Entre poésie et savoir-faire : la taille de l’olivier

Jacques Mouchotte

L’olivier, un des emblèmes de la Provence et de la culture du Sud-Est, peut vivre plurimillénaire. Pour obtenir de beaux sujets et une production qualitative, la taille s’avère indispensable. Suivez les conseils d’un poète varois.

La maturation des olives en automne nécessite une bonne surface foliaire - © N. Dorion
La maturation des olives en automne nécessite une bonne surface foliaire – © N. Dorion
Alain Monnani, le poète des oliviers, et Jacques Mouchotte, sous le soleil varois - © J. Mouchotte
Alain Monnani, le poète des oliviers, et Jacques Mouchotte, sous le soleil varois – © J. Mouchotte

La poésie ne connaît pas de frontière. Un poète de l’olivier à la tête chenue, à l’accent du Sud prononcé et à la chaleureuse hospitalité, m’a demandé, alors que je pénétrais, à Puget-Ville (Var), sur sa parcelle en restanques exposées au sud des premières pentes de la Provence calcaire, juste en face des derniers contreforts des Maures : «  Quelle est la différence entre un olivier et une voiture de course ?  » J’étais là pour rencontrer un tailleur d’oliviers, mais il était aussi amateur de course automobile.

Bien sûr, je n’avais pas la réponse à cette question iconoclaste, mais cela a permis au contact de s’établir. Ce tailleur d’arbres au verbe haut eut une réponse sibylline : «  Il vaut mieux savoir comment le moteur fonctionne pour être un bon pilote.  »

Il s’est ensuivi un cours de niveau universitaire : cycle végé­tatif, induction florale, pénétration de la lumière, croissance en arceau de futures branches productives, gourmand à potentiel productif, «  cague en route  » autres gourmands sans avenir, dormance estivale induite par la sécheresse, date de taille, fertilisation, arrosage raisonné en fonction des dormances estivales, du développement de la pulpe et tout le reste, que j’ai omis de noter pendant ces deux heures d’échanges.

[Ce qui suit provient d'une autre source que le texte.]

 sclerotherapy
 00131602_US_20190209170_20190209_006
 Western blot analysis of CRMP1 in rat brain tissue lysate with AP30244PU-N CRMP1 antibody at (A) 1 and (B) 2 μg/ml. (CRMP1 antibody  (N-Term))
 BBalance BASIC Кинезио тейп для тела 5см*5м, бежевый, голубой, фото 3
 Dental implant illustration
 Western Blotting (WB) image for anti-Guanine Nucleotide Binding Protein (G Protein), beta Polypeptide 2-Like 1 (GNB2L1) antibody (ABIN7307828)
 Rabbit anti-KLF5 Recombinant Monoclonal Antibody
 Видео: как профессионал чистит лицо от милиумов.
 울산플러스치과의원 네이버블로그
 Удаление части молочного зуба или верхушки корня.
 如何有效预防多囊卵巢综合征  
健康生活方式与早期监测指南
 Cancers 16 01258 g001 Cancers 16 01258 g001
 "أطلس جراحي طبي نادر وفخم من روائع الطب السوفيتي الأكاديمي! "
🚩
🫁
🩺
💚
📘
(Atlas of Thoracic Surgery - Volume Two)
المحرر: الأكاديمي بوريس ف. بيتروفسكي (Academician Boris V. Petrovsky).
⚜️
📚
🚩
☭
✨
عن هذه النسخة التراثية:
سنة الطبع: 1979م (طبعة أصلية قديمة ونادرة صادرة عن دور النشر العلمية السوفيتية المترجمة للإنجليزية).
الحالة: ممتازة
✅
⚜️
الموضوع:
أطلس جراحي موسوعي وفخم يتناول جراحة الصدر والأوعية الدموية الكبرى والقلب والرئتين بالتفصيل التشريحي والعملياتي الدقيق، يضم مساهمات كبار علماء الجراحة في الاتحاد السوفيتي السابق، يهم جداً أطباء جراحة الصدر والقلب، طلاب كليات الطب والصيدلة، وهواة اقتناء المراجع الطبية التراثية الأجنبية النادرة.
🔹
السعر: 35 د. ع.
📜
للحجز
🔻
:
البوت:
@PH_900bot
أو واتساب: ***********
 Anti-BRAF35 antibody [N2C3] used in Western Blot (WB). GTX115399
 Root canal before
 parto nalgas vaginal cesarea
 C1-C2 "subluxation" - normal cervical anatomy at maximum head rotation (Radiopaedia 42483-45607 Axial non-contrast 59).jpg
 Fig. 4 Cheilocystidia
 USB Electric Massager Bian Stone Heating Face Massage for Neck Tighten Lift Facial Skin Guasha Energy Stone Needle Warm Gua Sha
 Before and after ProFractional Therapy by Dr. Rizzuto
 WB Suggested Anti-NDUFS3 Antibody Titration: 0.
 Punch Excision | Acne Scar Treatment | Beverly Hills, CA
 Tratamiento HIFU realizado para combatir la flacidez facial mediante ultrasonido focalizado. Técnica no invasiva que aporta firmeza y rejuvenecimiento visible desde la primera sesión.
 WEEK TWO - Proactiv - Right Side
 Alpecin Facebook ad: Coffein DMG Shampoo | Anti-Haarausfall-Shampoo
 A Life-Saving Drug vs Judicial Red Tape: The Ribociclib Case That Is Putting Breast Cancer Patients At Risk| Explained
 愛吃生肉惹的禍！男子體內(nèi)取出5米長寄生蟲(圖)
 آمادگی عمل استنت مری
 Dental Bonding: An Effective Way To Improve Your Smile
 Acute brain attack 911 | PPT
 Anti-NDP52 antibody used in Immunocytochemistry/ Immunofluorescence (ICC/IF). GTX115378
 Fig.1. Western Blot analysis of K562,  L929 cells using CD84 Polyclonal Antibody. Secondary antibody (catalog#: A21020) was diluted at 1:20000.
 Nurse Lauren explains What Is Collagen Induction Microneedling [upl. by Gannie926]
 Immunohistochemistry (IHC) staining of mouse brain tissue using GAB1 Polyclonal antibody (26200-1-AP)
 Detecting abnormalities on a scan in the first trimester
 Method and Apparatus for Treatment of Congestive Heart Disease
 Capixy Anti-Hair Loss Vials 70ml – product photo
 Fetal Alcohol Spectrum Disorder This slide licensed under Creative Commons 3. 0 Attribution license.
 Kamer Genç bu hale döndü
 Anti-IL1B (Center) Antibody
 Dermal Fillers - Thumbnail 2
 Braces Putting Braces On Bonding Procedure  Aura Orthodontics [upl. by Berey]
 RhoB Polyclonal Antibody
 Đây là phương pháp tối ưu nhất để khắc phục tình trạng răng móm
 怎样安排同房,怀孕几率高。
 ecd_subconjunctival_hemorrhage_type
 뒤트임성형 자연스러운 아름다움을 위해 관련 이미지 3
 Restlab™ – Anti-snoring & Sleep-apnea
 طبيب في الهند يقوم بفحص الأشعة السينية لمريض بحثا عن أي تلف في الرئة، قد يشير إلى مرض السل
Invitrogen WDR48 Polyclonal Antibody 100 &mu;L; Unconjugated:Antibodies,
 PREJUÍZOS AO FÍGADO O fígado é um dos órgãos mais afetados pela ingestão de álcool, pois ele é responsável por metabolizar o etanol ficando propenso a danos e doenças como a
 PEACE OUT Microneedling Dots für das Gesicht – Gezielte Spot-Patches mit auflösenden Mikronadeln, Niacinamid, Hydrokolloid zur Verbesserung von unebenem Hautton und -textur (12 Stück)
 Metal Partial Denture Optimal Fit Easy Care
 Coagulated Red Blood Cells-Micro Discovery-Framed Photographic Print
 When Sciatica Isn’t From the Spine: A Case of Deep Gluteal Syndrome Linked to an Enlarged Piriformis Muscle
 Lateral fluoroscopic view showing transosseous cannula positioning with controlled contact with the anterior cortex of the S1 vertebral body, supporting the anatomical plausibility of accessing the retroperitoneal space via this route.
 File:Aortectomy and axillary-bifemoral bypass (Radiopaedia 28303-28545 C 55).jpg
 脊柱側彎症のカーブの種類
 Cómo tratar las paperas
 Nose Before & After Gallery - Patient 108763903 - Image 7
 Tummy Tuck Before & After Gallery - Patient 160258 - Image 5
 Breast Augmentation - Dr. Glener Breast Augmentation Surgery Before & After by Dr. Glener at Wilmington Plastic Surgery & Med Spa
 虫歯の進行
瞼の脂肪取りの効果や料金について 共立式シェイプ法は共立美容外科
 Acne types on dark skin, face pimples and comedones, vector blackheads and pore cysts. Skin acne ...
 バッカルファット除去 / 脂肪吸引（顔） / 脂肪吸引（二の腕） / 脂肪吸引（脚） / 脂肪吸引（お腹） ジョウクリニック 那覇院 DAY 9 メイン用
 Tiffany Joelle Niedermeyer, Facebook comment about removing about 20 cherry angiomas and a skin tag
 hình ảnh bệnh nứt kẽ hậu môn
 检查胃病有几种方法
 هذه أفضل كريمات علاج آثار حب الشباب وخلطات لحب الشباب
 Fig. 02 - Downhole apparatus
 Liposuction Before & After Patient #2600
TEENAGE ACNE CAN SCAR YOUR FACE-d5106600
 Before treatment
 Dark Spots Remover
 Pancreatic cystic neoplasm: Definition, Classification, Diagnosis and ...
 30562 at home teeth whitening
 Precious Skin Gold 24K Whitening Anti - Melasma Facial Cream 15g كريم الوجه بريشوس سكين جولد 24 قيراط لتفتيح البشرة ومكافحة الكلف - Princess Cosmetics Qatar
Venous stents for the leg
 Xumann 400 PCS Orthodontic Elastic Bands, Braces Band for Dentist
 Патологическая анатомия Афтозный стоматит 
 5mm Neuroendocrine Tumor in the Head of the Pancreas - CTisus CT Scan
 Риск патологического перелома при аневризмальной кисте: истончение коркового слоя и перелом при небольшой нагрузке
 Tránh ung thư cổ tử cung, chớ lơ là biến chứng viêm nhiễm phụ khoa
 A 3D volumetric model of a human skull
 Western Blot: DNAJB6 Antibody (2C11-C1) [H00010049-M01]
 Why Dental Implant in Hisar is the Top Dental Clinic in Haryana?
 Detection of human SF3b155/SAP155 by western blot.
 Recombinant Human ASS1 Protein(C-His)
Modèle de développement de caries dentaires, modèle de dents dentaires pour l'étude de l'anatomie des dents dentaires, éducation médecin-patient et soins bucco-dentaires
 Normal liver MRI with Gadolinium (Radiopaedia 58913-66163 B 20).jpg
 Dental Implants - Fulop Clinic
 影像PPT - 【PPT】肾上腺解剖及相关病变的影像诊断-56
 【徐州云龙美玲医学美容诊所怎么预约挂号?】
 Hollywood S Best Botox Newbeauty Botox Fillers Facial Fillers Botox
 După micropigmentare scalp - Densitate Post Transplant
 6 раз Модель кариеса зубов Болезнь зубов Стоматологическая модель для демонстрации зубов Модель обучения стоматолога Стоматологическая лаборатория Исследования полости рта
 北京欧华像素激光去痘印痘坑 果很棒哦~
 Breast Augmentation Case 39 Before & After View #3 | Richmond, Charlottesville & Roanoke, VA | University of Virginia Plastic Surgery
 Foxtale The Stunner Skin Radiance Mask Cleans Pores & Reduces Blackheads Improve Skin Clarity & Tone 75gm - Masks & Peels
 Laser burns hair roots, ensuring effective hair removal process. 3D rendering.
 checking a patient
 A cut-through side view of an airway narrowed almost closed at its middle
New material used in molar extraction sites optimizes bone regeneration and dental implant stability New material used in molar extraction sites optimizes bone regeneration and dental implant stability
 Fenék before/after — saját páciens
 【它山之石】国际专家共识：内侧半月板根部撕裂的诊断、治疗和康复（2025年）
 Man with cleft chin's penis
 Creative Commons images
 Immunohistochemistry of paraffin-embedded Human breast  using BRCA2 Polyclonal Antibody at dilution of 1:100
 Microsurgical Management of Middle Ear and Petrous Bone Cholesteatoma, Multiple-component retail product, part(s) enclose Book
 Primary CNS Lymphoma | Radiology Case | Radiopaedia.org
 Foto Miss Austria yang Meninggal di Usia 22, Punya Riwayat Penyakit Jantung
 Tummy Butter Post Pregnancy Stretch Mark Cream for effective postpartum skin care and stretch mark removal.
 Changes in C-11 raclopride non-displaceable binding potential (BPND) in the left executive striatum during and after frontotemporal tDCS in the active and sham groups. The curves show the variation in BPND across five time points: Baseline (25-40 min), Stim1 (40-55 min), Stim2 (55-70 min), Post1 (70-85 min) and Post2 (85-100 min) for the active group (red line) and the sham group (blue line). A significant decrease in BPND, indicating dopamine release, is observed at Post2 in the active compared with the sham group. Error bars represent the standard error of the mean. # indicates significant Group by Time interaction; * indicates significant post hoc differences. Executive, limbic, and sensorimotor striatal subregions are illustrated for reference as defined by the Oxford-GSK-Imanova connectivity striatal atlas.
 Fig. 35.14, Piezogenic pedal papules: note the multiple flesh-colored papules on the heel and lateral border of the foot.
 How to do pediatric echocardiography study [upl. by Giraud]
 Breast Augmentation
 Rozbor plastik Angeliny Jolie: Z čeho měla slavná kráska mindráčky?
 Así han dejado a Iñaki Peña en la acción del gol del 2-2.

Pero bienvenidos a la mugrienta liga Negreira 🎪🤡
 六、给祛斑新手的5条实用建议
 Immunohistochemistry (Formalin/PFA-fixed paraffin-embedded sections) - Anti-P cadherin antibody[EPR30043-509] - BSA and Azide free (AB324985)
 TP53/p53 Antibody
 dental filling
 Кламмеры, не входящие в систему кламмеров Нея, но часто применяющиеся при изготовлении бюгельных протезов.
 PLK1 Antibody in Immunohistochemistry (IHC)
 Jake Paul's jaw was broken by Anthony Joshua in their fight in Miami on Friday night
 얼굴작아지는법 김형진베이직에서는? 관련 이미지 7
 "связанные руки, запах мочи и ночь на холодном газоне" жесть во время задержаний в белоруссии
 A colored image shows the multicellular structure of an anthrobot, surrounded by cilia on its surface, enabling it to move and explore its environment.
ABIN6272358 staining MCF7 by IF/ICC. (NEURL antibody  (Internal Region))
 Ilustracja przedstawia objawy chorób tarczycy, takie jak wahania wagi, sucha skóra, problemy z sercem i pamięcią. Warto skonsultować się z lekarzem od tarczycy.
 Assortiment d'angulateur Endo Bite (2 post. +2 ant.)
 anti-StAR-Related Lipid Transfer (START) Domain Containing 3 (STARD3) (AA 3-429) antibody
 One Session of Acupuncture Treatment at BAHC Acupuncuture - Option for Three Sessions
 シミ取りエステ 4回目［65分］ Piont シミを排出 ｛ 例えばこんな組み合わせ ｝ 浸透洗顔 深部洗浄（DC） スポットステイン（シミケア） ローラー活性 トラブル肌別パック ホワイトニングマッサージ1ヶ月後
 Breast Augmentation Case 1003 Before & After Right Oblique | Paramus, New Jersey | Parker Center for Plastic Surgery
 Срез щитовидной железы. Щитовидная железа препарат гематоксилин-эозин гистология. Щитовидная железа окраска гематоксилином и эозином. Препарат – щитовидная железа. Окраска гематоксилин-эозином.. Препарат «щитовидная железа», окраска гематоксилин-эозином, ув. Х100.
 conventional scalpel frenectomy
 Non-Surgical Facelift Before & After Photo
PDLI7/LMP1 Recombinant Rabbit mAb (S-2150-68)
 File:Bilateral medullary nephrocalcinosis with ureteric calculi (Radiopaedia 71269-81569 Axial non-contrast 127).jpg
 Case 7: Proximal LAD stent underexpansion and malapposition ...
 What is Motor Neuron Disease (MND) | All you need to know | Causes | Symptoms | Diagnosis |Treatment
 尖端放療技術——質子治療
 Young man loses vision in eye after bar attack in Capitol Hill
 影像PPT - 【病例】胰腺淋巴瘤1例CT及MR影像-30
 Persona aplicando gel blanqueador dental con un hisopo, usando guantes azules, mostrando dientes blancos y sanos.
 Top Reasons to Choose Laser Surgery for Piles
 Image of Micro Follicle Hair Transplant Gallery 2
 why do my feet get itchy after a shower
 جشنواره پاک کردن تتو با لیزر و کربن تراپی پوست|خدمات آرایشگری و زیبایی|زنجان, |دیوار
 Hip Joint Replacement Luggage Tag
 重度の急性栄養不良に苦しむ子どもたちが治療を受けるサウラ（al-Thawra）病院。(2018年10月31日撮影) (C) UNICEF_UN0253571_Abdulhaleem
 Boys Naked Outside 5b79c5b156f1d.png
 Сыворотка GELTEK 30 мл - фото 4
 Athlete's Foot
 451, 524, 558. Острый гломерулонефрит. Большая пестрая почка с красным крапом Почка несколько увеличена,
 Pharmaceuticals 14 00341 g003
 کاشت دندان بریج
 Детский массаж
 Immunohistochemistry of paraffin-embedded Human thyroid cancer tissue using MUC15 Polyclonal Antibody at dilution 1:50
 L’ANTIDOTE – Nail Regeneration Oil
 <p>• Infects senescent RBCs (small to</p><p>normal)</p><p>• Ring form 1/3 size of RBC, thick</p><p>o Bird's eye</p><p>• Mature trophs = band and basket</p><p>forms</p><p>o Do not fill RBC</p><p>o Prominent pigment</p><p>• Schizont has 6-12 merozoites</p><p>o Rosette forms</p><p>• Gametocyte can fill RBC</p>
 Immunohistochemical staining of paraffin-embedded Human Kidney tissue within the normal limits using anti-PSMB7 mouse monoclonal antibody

La taille de fructification

Il ne faut jamais faire une taille sévère, et jamais plus d’un tiers de la surface foliaire présente - © delkoo Adobe stock
Il ne faut jamais faire une taille sévère, et jamais plus d’un tiers de la surface foliaire présente – © delkoo Adobe stock

Concernant la taille de fructification, il y a plusieurs choses à ne jamais faire.

Tout d’abord, il ne faut jamais écouter son paysagiste ! Si l’on vous propose une taille dite «  en nuage  », il convient de refuser. Cette façon de faire est d’inspiration japonaise et consiste à transformer un arbre majestueux en bonsaï de pleine terre. C’est un crime contre la nature et la culture méditerranéenne, une «  japo­niaiserie  » à proscrire.

Ensuite, il ne faut jamais tailler au moment de la récolte (novembre-décembre). L’induction florale est en cours. Il convient donc de la laisser s’accomplir.

Enfin, il ne faut jamais faire une taille sévère (sauf pour les tailles de formation dont on ne parlera pas ici), et jamais plus d’un tiers de la surface foliaire présente. L’olivier est un arbre à feuilles persistantes. C’est-à-dire qu’il profite des rayons du soleil douze mois sur douze : en hiver pour faire une bonne induction florale, au printemps pour faire pousser les fleurs, en été pour faire croître et produire des fruits. La maturation des fruits en automne nécessite également une bonne surface foliaire.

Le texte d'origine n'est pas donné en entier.